The true beauty in Cash’s work came in flashing imagery of America (“Big River”), rich storytelling with a piquant edge, and as an eloquent, compassionate observer of human nature. And especially, when he spoke up for the poor, hopeless, imprisoned, which he did often: The sweeping sentiments of his signature song, “Man in Black,” are emblematic of a large swath of his work: That is, that the human soul is worthy and deserving of redemption.
He was hardly a conventional star, though; his career took a peculiar arc. His best-known work intersected with popular tastes and collective interests at key moments (especially, the country/Americana of his Sun beginnings, and the peerless prison albums); other times, his stubbornly chosen path resulted in works of little fanfare. He repeated himself, made remakes and could slide himself into the flimsiest of material. Everybody Loves a Nut, a vastly strange 1966 LP, shows just how off the rails Cash could go. With its Shel Silverstein novelties and egg-sucking dogs, it was anti-album, his Metal Machine Music.
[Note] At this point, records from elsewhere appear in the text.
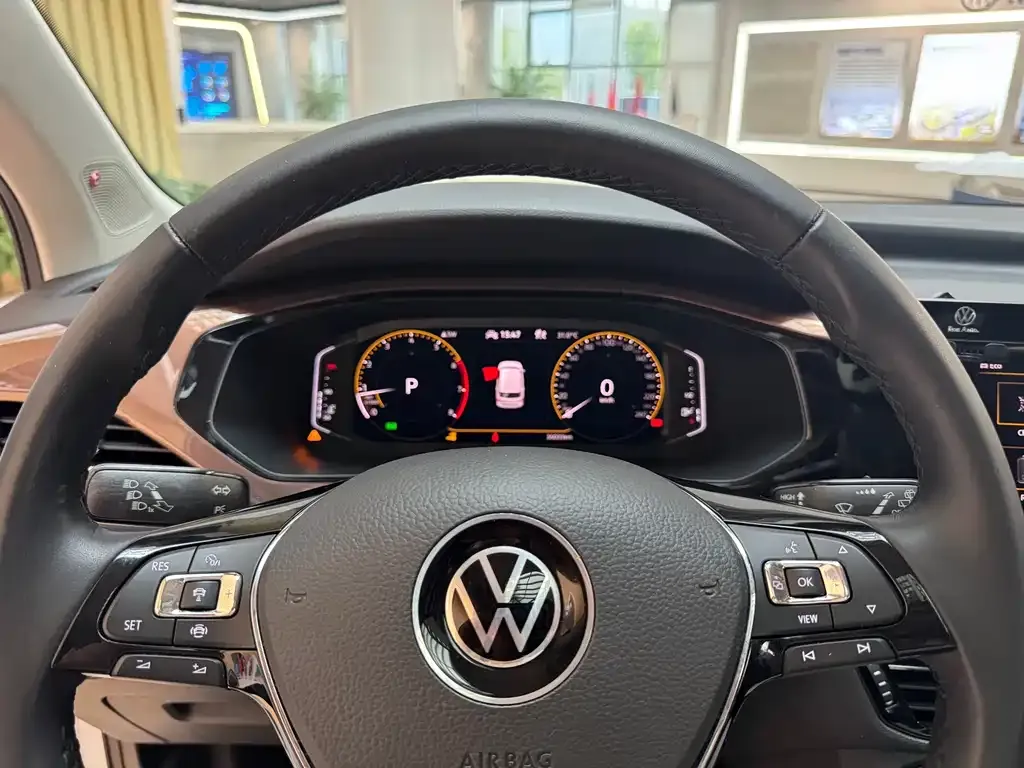 Volkswagen Tharu — фото 10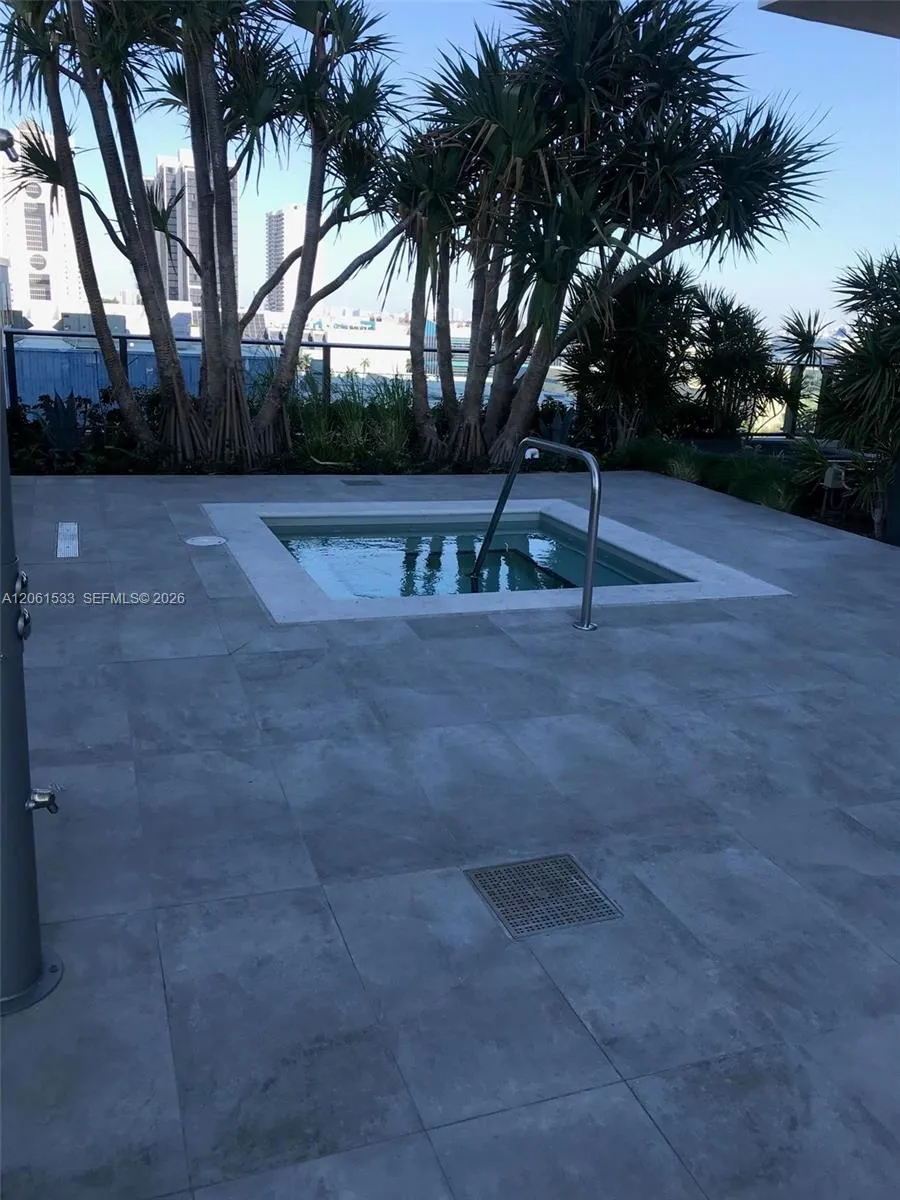 1600 NE 1st Ave #1418 Miami, FL 33132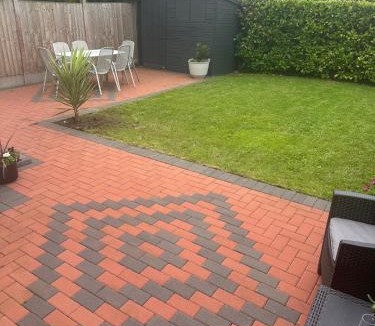 Chorlton-by-Backford House | Executive Home Near Cheshire Oaks & Chester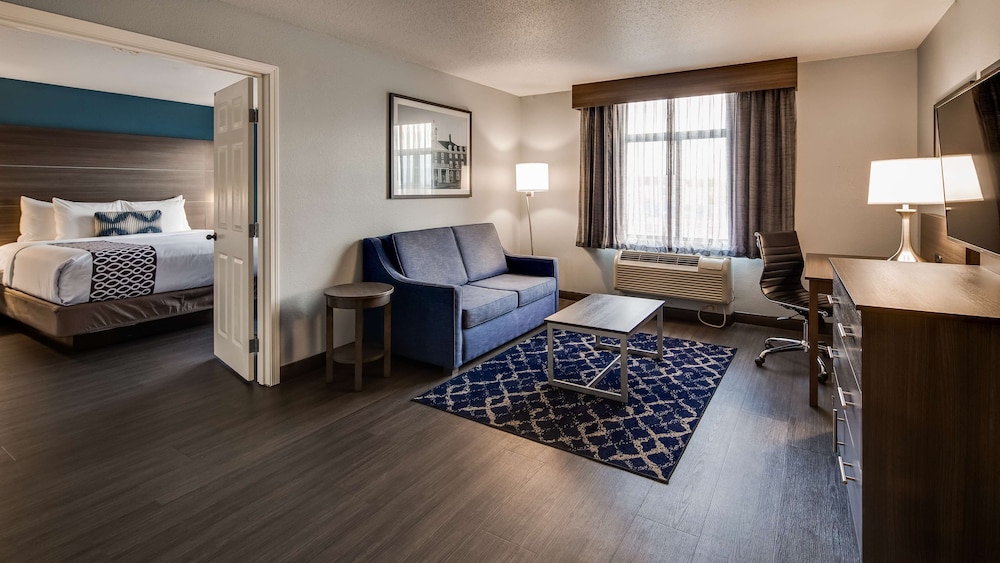 Suite, 1 King Bed, Non Smoking, Jetted Tub (with Sofabed) - Photo 1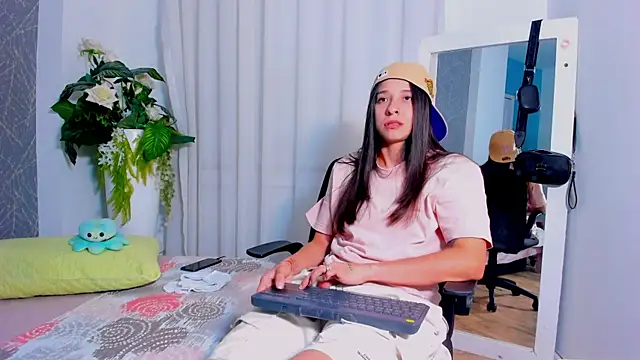 ViictoriiaSaenz online show from April 24, 2026, 4:15 am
America, a drab (career-killing?) 1972 historical opus, was overboard the other way, static and bombastic.
Beyond the weird stuff, the religio-documentarian sidesteps, and many fine if arch concept albums, lay works of unequivocal grandeur, particularly circa 1968-72. In covering talented, diverse writers (Kris Kristofferson, Tim Hardin, Billy Edd Wheeler, Jack Clement), and composing his own inspired, down-and-out anthems, came a barrage of sublime moments—“Sunday Morning Coming Down,” “To Beat the Devil,” “Darlin’ Companion,” “A Boy Named Sue,” “See Ruby Fall.”
Cash stumbled circa 1973-79, succumbing to a kind of treacly sentimentalism; his once-vast audience moved on. The downturn, yielding many spotty albums but intermittently fabulous songs, is ripe for reevaluation: “Hit the Road And Go” (1977) is restless road song du jour; “My Old Kentucky Home” (1974) challenges Randy Newman’s original; the down-and-out Jean Ritchie nugget “The L&N Don’t Stop Here Anymore” (1979) is a natural.
He turned a corner 1980-1983, producing a rousing trilogy: Rockabilly Blues (with son-in-law Nick Lowe and Rockpile), the Billy Sherrill-produced The Baron, and Johnny 99, which proved that, given proper material—two from Bruce Springsteen’s Nebraska—he could be devastating as ever. No one much noticed, though. They would, finally, some 10 years later, courtesy of one Rick Rubin.
Hills and valleys, warts and all, Complete Columbia is simply a singular, staggering body of work, throwing down challenges in all directions: Define yourself before someone else defines you; call your own shots, and call ’em as you seem ’em; don’t take shit from anybody, but never take yourself too seriously. And underline it all with a generous spirit of justice and love.